After this came the lighter side of the evening, the indulgent item at the end of the news. We had reached for our drinks and sipped, then sat back, with friend, apropos of just throwing it out, telling me it had been my first brother-in-law who had started the rumours about me. ‘Shouldn’t concern yourself with him though,’ she said. ‘He’s currently being intervened on and soon is to have his own reality check.’ First brother-in-law’s reality check, unsurprisingly, was to stem from his latest sexual obsession. This latest had him visiting nuns – the community’s full-on holy women – with masturbating questions disguised as harmless cultural queries about art. ‘He brought up that sculpture,’ said friend, ‘you know, that statue, the one of the nun, Teresa of Avila, who had her own private levitation sessions?’ I knew the statue she meant. Age twelve, flicking through a book in the art room at school I’d turned a page and seen a picture of that statue, jumping away with an actual cry when I realised what it was I was looking at. It had been unexpected. All of a sudden. A realisation I’d no premonition that day was coming to me. Those billowing clothes, nun’s clothes, on her body, her inside them, suffocating inside them, them outside her, alive, maybe inside-out, swallowing her up. Those folds, those coils, those windings and volumes and living, moving layers, well, of course they frightened me. The picture itself repulsed me – yet it had held me. My thinking at the time, when I recovered from being repulsed and had gone back for a second, then a third, then a fourth, then a fifth look – and only on the fifth look did I take in that angel with the stick thing – my thinking was perhaps it would have been better, less scary, if the clothes had not been on her body. But what if they hadn’t and she was in that contorted condition – bare arms, bare legs, bare bits all over – and that face, looking the way it was looking – helpless, abandoning, enjoying itself – or the opposite of enjoying itself – and her naked and praying – but that didn’t look like praying unless – oh God – that was what praying was? On second thoughts, my twelve-year-old self decided, maybe it was better that the clothes, unsettling and voracious as they were, had been on her body all along.

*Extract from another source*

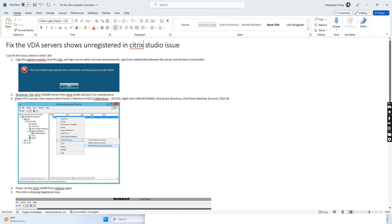Then I went to the PVS console because we use Citrix PVS to deploy all the VDA servers. I found the site and device connections, then located this VDA server.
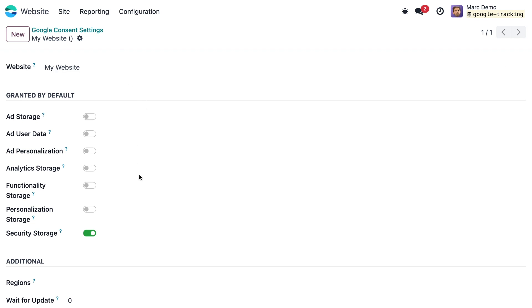This means that all types of cookies will be turned off except for security storage to ensure the website functions properly.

‘So, sisters,’ had begun first brother-in-law, for he had gone to the convent with the intention of taking out his own magazine picture of that very same statue. Apparently this lover of art had been carrying it around for some time. ‘About this emotive picture about a devotional statue. What do you make of the ecstasy, of the meditative, mystical, voluptuous – sweetly moaning as it seems to me – and yet excessively intrusive, jarringly orgiastic portrayal of the situation? Is this really’ – and here he looked pensive, earnest, saying the next bit supposedly artistically and not at all sexually pervertedly – ‘that this woman, in perfect union with God, this nun – such as you are yourselves – was perhaps rapturously aroused and self-pleasuring via the metaphor of levitation? And as for this seraph thrusting and thrusting and given your own experience—’

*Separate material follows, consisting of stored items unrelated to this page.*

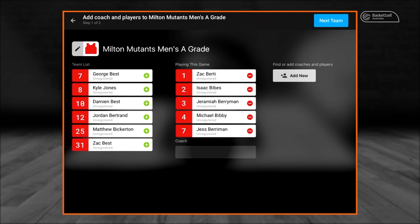The setup screen is used to select match coaches and players. For players who are already registered in the team, they are now able to be added to the game from the team list on the left-hand side of your device.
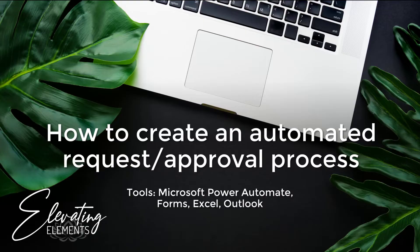To work more efficiently, this video provides a walkthrough of automating a request and approval process using Microsoft applications.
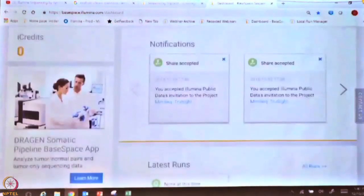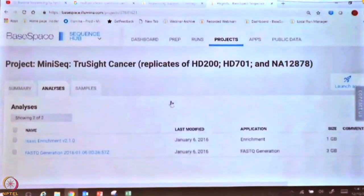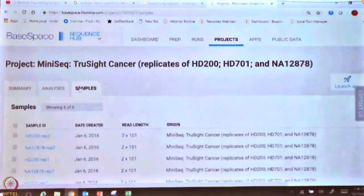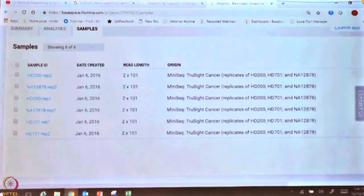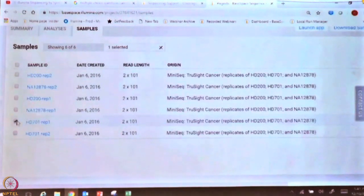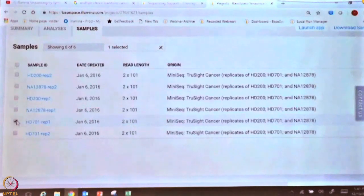Click on the notification that says MiniSeq TruSight Cancer, then go to the samples tab. Take one of the samples — the second-to-last one, which says HD 701 rep 1. This is a reference sample from Horizon, a company that provides reference RNA and DNA samples so you can check the quality of the data and the panels that you have developed. It is essentially QC data, which is why it is easy to demonstrate.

That was as far as he got.
He was seen through immediately of course, said friend, for the nuns weren’t stupid, nor were they ignorant of art and even less so of his wink-wink, sexual dislocation-compulsion reputation. They had been praying for him. Indeed, he had almost reached number one at the apex of names of us people urgently to be prayed for locally on their long list. But now they threw him out. This was way past the stage of civilisation, way past quietly asking him to leave, of having courtesy shown him owing to his being a spiritual soul on life’s path such as they themselves were spiritual souls on life’s path. No. They threw him out – or rather, Sister Mary Pius, the big nun, she threw him out – after the rest of the nuns had had a slap at him first. After that, the head nun paid a visit to the sanctities – our pious women of the area who constituted intermediaries between the holy women and the renouncers-of-the-state in our area. When the pious women heard the indecent news they paid a visit to the renouncers. That was when it was decided, said friend, that first brother-in-law’s behaviour had better, for the first time, be put in check.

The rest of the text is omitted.